Reginald FitzUrse, William de Traci, Richard le Bret and Hugh de Morville are spied at four points during their year-long hideout in Knaresborough Castle, Yorkshire. Commanded by Henry II to "seek penitent obscurity", this unrepentant quartet passes the time in boarding-school humour. Instead of fasting and prayer, there's a daily diet of moaning, bickering, smut, homosexual cravings, madness and lashings of 12th-century savagery.

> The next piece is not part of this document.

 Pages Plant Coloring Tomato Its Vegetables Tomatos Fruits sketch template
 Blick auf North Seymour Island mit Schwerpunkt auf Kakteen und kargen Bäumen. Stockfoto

Life as a secondary-school teacher must have given Corcoran a wealth of material to draw on, but other influences are also apparent: Blackadder in particular, the Carry On films in general. You could also argue that it more often resembles a pilot sitcom than a play. Yet with the Archbishop of Canterbury branded a "complete and utter fuckwit", Murder in the Cathedral it ain't.
But, setting aside the fact that TV wouldn't tolerate the swearing, it would be a mistake to dismiss this as imitative small-screen fare. The exuberant filth is part of a serio-comical siege against certainty. Lines such as "What an almighty fuck-up this is" may seem lazy, but Corcoran deploys them so that the knights seem both stressed-out products of Nineties' lad culture, and oddly true to their own rough age.
If Corcoran doesn't quite succeed in bringing various ideas about free will and male love to the boil, his act of imaginative trespass is so well served by Richard Wilson's beautifully paced production, you hardly care. Weighted with armour, tunics and boots, the actors strut around a gloomy castle, mustering peacockish assurance as easily as moping defeat. Gruesome details of medieval life are lovingly realised, most treasurably when Mali Harries's no-nonsense serving-woman yanks a tooth from the bleeding gums of Brito, Jonny Lee Miller's sensitive stud, with giant pliers. In a strong cast, Christopher Fulford endears himself as Brito's surrogate father and would-be lover, but it is the former Trainspotting star's alluringly intelligent presence that makes his the knight you'll remember.